I didn't fully realize the implications - I just knew it had felt different, but looking back now, I can vividly see that was the turning point.  All those times I thought about not dancing any more? It was because of everyone else and their effect on me.  How they made me feel. But the truth is - we can't dance for anyone else, if we can't dance for ourselves first.

So if you are feeling exhausted, if you're not sure if you should keep dancing, if you're wondering how to rekindle that flame - clear away the debris.  Clear away everyone else's obligations and expectations.  Reconnect with that part of you that first fell in love with the dance.  Listen to the music and let your body move without questioning it.  Just let it move.  Let your spirit flow and open up and just enjoy how it feels.  Don't think, don't choreograph, don't question, don't critique.  Just be a body discovering the music and open up.

Go ahead, dance for you.  You don't need my permission or anyone else's to do it - just your own. You will feel the difference.

Live. Love. Dance.

*Description of "Journey to the Underworld" workshop: "When was the last time you broke down your own facades and explored the truth of what lays bare underneath? Are you brave enough to look and become stronger as a dancer for it?
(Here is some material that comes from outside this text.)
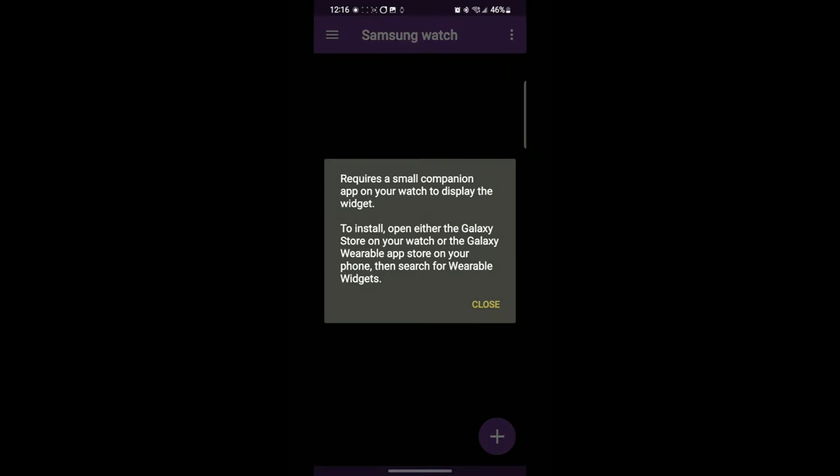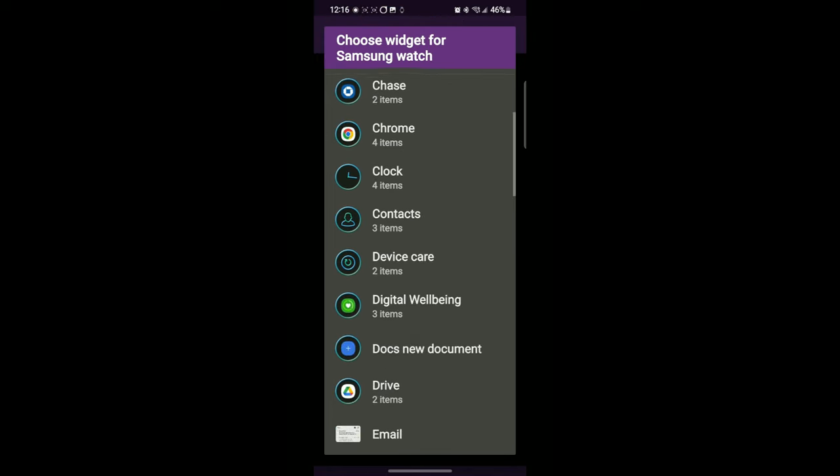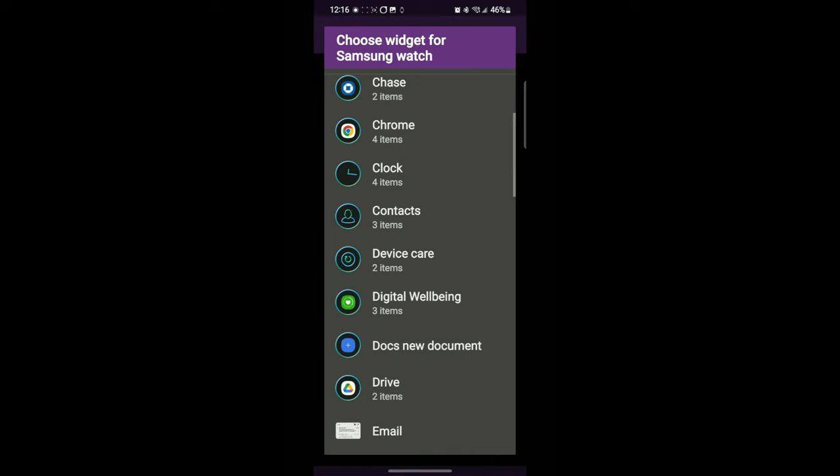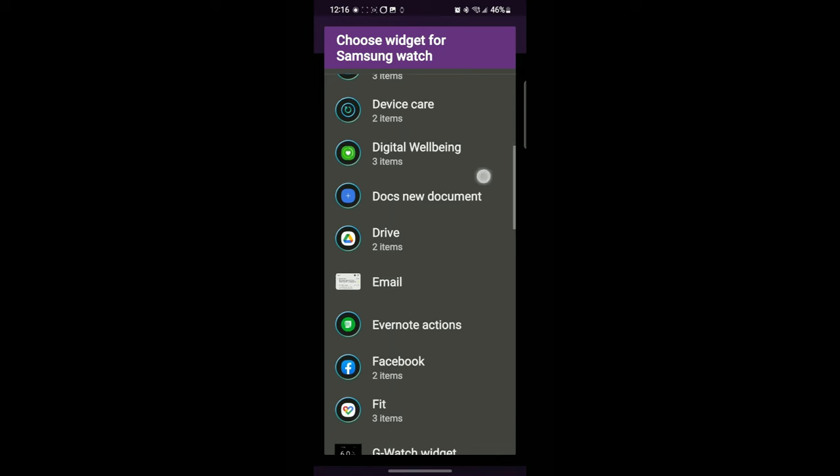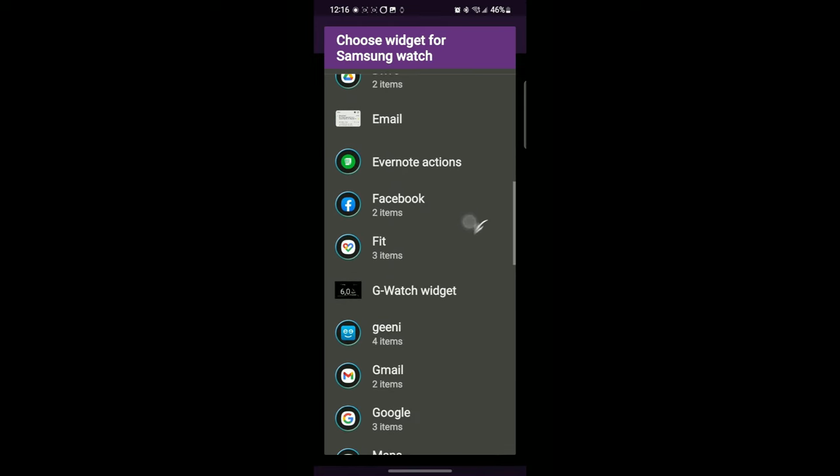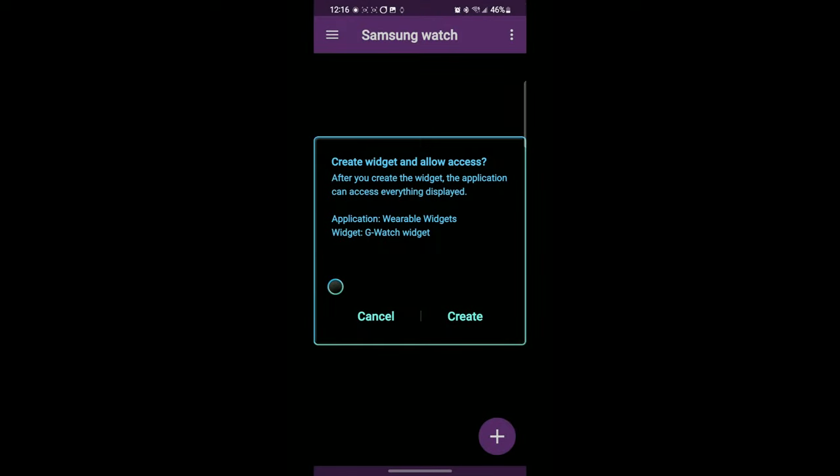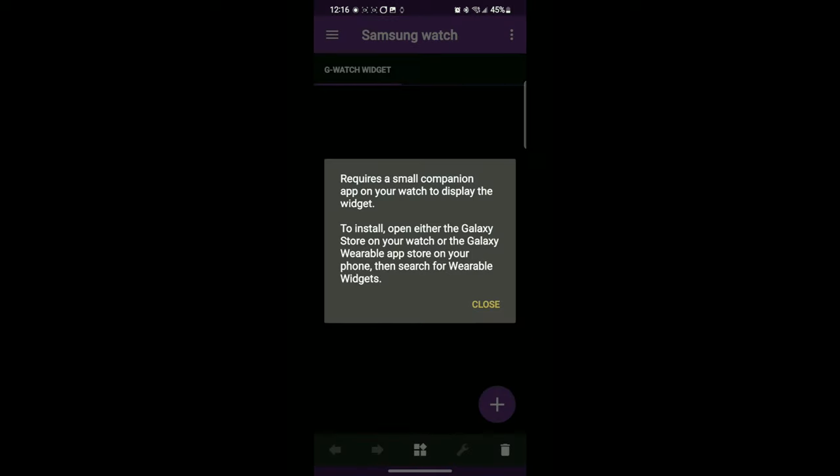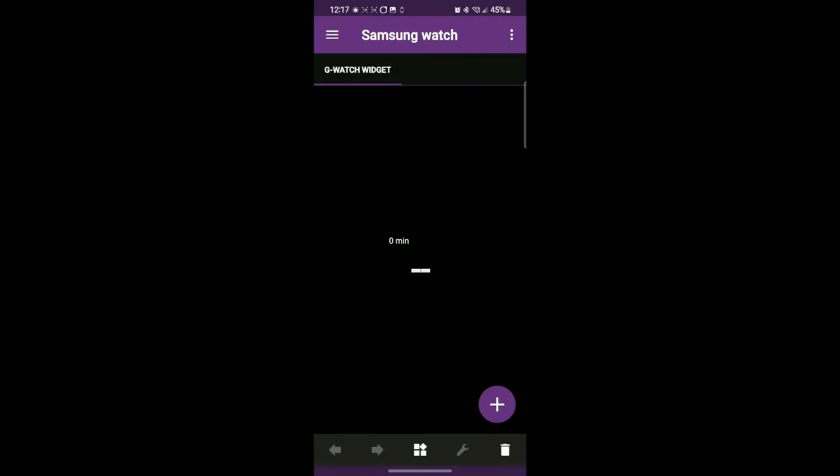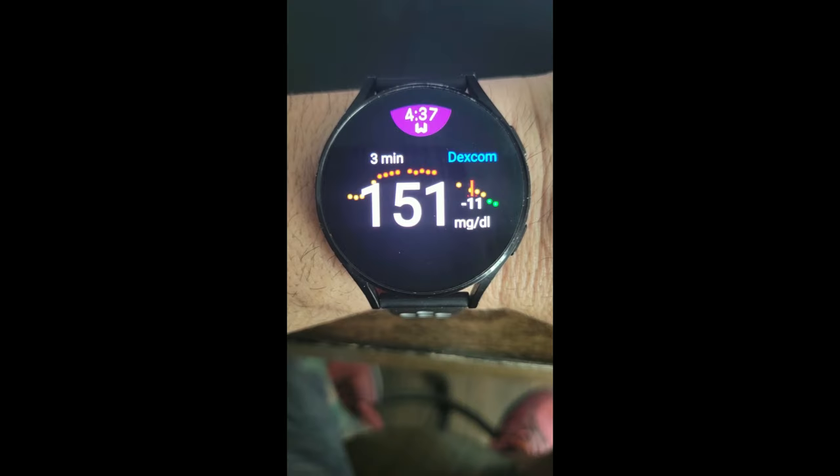It requires a small companion. So it's asking me to choose a widget for a Samsung watch. It's already identifying that. So what I'm looking for is that G Watch widget, that one. Create a widget, allow access. Yep, I think that'll work. Requires a small companion app, you already told me that. And so this is what the widget or the watch face is supposed to look like, but there's nothing there yet, so we have to configure it. Supposed to look like this, but right now it looks like that.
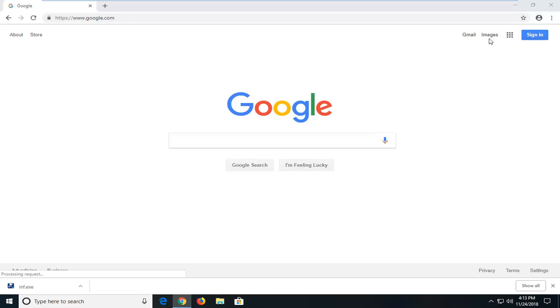If that did not fix the problem and you've restarted the browser and you're still having the issue, we're back in Google Chrome, the main user interface of the normal Google Chrome web browser environment.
Being a part of the bellydance community for any length of time affects us in so many ways, many below the surface that can influence how we look and feel about ourselves and others. In this dynamic and unusual workshop, we will explore through exercises and movement combinations the mythic concept of the Descent and Encounter in Mediterranean, Middle Eastern, and Indian cultures. This is a safe and supportive opportunity to challenge yourself mentally and physically, while discovering who you are or wish to be as a dancer. Warning: This is not a "woo-woo" or "new-agey" class, but it will ask you to push your boundaries."